2020年の東京五輪開催に向け江戸川区内で現在建設中の「カヌー・スラロームセンター」は、国内初の人工コース。全長約200メートルを誇り、カヌーの最新施設として注目されている。競技を行う際は、大型ポンプでスタート地点の高さ約4.5メートルまで毎秒約12トンの水をくみ上げて流し、コース内に設けたブロックで渦などをつくり出す。水深は、約1.5メートル、競技コースは、5月末に完成予定。10月にカヌー競技のテスト大会も実施されるそうだ。
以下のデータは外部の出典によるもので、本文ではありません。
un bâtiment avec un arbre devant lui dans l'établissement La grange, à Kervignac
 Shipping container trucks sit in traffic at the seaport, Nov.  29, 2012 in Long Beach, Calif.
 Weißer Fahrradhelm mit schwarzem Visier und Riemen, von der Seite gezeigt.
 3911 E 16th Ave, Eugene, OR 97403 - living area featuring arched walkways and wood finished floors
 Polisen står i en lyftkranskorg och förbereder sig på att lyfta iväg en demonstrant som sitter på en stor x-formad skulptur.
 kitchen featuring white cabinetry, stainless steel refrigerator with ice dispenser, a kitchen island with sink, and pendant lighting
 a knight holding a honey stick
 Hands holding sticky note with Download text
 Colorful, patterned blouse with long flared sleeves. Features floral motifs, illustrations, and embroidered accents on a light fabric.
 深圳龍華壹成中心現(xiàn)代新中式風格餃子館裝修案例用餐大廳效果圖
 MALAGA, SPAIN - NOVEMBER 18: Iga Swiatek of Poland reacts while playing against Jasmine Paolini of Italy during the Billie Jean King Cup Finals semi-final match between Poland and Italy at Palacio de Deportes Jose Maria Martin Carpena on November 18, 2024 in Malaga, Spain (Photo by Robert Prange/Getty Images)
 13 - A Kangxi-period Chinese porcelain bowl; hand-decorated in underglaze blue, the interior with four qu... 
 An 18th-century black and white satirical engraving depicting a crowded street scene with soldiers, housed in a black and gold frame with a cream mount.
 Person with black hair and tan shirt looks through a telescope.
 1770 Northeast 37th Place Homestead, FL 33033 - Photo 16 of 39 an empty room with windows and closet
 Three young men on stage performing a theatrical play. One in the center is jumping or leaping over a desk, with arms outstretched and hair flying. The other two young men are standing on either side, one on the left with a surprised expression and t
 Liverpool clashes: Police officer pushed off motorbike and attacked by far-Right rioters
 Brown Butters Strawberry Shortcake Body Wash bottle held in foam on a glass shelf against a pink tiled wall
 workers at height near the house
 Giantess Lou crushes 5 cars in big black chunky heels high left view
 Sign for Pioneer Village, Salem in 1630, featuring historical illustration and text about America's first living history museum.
東京2020大会は、全55競技(オリンピック33競技・パラリンピック22競技)の開催が予定され、誰もがその雄姿に思いを馳せ、熱狂していくシナリオは揃っている。 体操や競泳、柔道、レスリングなど日本のお家芸だけで なく、追加種目の野球、ソフトボール、空手、スケートボード、スポーツクライミング、サーフィンにも注目だ。『スポーツブル』が願うことは、東京から世界へとスポーツを通して感動の瞬間とドラマ、そして選手の内なる声を、より早く、より深く、伝え、見る者の 心を揺さぶる熱狂を届けること。新しい令和という新時代と共に迎える東京2020大会。最高の舞台で、満開に耀く歓喜の瞬間を共有したいと願っている。 

取材・文/スポーツブル編集部  

【羽根田卓也Profile】

羽根田卓也(はねだ・たくや)高校3年生で日本選手権を制し、卒業後にカヌー強豪国スロバキアに渡りクラブチームでトレーニングを開始。21歳で北京五輪出場。2012年ロンドン五輪では、日本人初の7位入賞を果たす。記憶に新しい2016年リオ五輪では、銅メダルを獲得。カヌー競技でのメダル獲得はアジア初の快挙。2020年の東京五輪での連続メダル獲得を目指し、現在もスロバキアでトレーニングを続けている。